Libro III · Encuentro con la bestia · Capítulo 10 de 11

visiones en el camino de regreso

1 de septiembre de 2018 Кавказский заповедник Фишт ~2 min de lectura
Leer
Ensayo Otoño · Noche 1 de septiembre de 2018

Ya era de noche, y se oscureció muy rápido. Terminé las últimas nueces, y se me acabó toda la comida.
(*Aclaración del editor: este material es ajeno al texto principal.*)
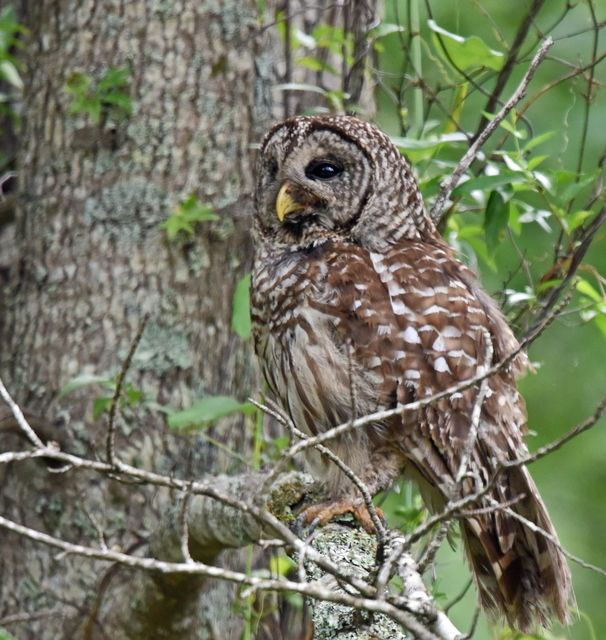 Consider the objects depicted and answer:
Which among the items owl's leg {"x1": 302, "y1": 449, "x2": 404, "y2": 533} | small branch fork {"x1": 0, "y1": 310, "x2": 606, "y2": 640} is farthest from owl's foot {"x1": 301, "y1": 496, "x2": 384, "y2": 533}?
small branch fork {"x1": 0, "y1": 310, "x2": 606, "y2": 640}

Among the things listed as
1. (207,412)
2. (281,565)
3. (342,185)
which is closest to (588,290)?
(342,185)

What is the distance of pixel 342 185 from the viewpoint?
2.88 metres

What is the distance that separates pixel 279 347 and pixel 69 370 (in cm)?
92

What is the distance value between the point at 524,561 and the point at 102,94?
2.11 m

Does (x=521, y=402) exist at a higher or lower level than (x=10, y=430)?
higher

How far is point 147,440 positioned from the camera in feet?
10.5

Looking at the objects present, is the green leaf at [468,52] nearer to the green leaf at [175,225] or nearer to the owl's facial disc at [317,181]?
the owl's facial disc at [317,181]

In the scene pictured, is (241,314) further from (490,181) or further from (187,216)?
(490,181)

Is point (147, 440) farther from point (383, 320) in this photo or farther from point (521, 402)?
point (521, 402)

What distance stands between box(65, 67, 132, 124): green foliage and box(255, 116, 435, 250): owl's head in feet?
2.30

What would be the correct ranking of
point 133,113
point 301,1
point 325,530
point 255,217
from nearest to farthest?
1. point 325,530
2. point 255,217
3. point 133,113
4. point 301,1

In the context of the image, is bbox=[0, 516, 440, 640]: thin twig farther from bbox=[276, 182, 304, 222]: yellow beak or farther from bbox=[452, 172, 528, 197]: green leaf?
bbox=[276, 182, 304, 222]: yellow beak

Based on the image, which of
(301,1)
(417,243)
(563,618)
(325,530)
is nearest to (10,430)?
(325,530)

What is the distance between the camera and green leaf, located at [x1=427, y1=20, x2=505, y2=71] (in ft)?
9.05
Hasta el refugio Partizanskiy caminé ya en una oscuridad casi total. En la loma que lleva al refugio me pareció que alguien rondaba por ahí, vi una silueta moviéndose. ¿Un oso? Me quedé paralizado, y luego empecé a retroceder con cuidado. Después me detuve y me puse a observar. Pasaron unos 10 minutos y esa criatura emitió su primer sonido. Era un caballo...
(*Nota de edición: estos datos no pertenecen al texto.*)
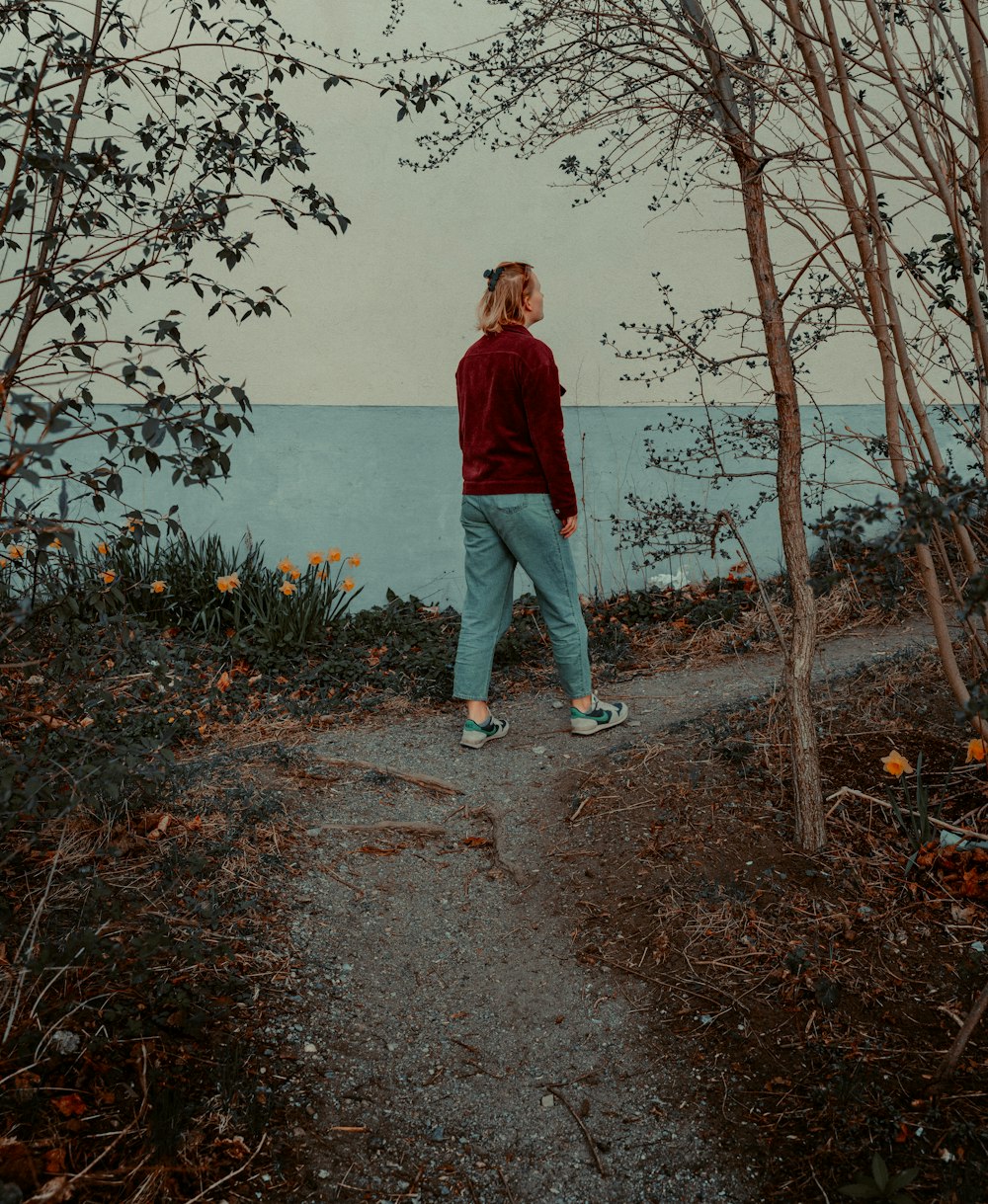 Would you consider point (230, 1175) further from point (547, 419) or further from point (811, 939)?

Me quedaban los últimos 18 km por recorrer. Fue ahí donde ocurrió el encuentro final y verdadero con un oso adulto. Para entonces ya me había resignado a que en esta caminata ya no iba a procesar el miedo. Es más, ya no estaba preparado para eso, no tenía energía. La adrenalina se había agotado, estaba terriblemente cansado... Ya cuando iba por los senderos montañosos, se me

enredaban las piernas hasta tal punto que no siempre estaba seguro de si podría subir la siguiente montaña... Como siempre, me puse a cantar mi canción de caminata favorita, «Bateréika», para no toparme sin querer en la oscuridad con alguien peligroso y grande. La vista de los osos es mala, pero el oído y el olfato son buenos. Durante una hora canté la canción a voz en cuello, hasta que me empezaron a cansar las cuerdas vocales... Al final cambié de táctica. Empecé a gritar fuerte «1-2-3-4», y después de eso seguían cuatro palmadas fuertes. Luego otra vez «1-2-3-4», y después palmadas de nuevo. Así se formó un ritmo. Y todo el camino restante lo recorrí con ese ritmo, que me sostenía a mí, y yo a mi vez lo sostenía a él. El ritmo me ayudaba, me hacía más resistente. A veces notaba que, gracias solo al ritmo, seguía caminando y todavía no estaba en posición horizontal solo gracias a él — al ritmo... El camino era sinuoso, a veces la luz de la Luna se perdía y la oscuridad se volvía total, y a veces había suficiente luz para distinguir lo que tenía delante. Daba miedo caminar solo, sabiendo que probablemente no estaba solo ahí. A veces algo me perseguía desde el borde del camino. Corría y corría, luego de repente se detenía y abandonaba la persecución y se metía al bosque. Y yo seguía adelante con mi ritmo. A veces se oían unos gritos extraños y desgarradores desde el bosque. No se parecían mucho a pájaros, pero seguramente eran pájaros. Quizás de noche gritan de otra manera.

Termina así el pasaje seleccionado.